Bin noch nicht an eine Lektüre von Pfeilschifters Buch*563 gekommen. - Alles »Betriebmäßige« ist mir auch herzlich zuwider. Mir scheint, es ist nur eine Alternative: Entweder einer hat religiöse Schöpferkraft in sich, und dann soll er in Lauterkeit die wirken lassen.
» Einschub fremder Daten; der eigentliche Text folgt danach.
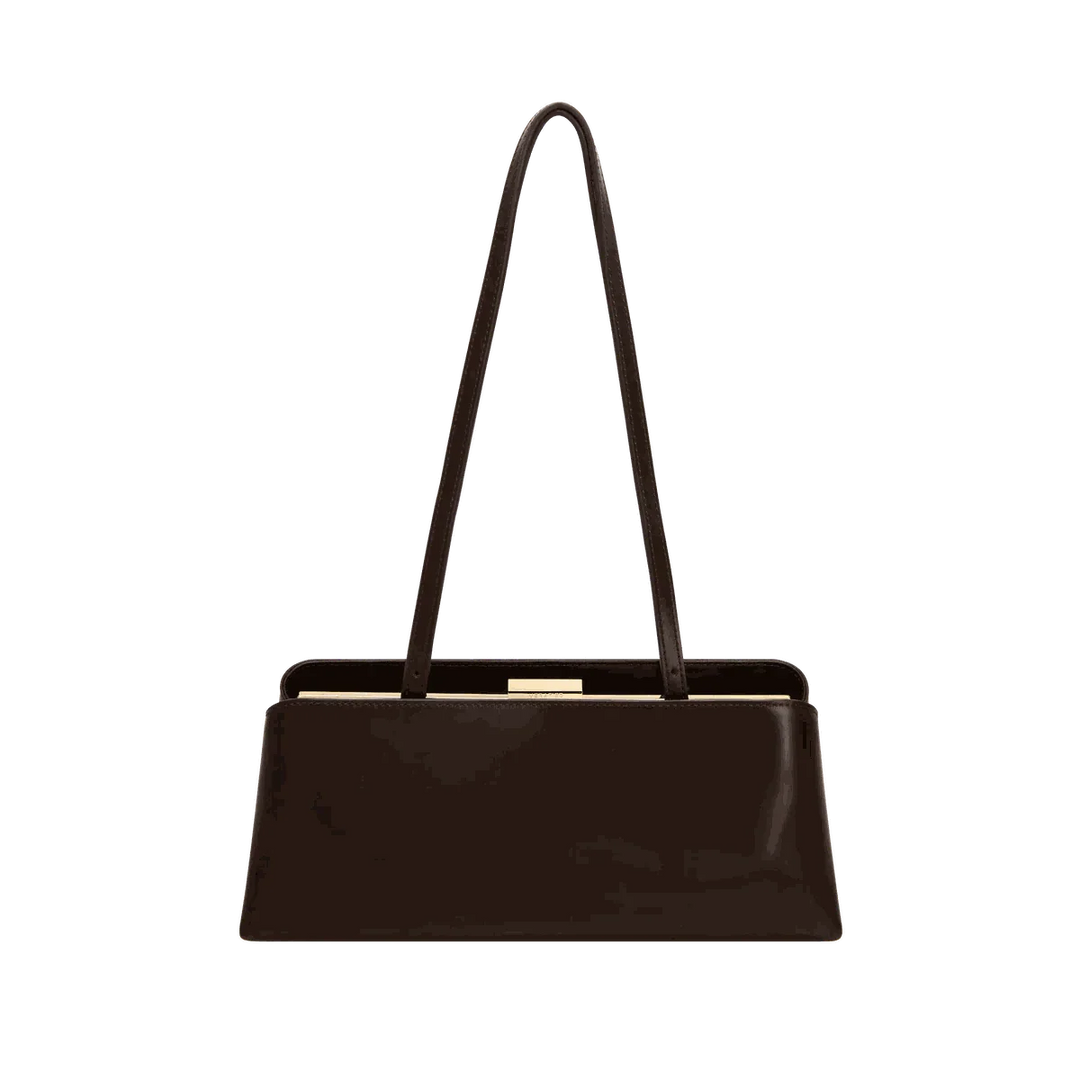 sleek black Leclair handbag with structured frame and long handles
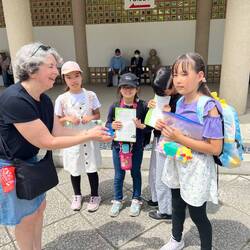 Kids asking Judy questions for a school project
Oder nicht, und dann hat er nur die Aufgabe, die Menschen zu den echten Quellen und zur wahren Ordnung zu führen.
Die »Quellen« und »die Ordnung« - darin konzentriert sich für mich alle Arbeit für die Religion. Solange die Menschen nicht in der rechten Ordnung und an den Quellen stehen, ist alle Betriebsarbeit in den Wind geschafft. Was helfen 100 Kommunionen - salva efficientia ex opere operato*564 - wenn die rechte Einsicht in das Verhältnis von Gott -, Sakrament - und Leben fehlt? -

561 Westschweizer Zeitschrift, Genf.
562 In Mooshausen hängt in einem einfachen schwarzen Rahmen eine Kohleskizze von Karl Caspar, die einen vom Pferd gestürzten sterbenden Soldaten zeigt; datiert: 1917.
563 Georg Pfeilschifter (Hg.), Deutsche Kultur, Katholizismus und Weltkrieg. Eine Abwehr des Buches La Guerre Allemande et le Catholicisme, Freiburg: Herder 1916. Vgl. Br. 66.
564 »Bei aller Wirksamkeit des getanen Werkes«: die katholische Formel für die Objektivität des Sakraments auch ohne die subjektive Entsprechung von Priester oder Gläubigen.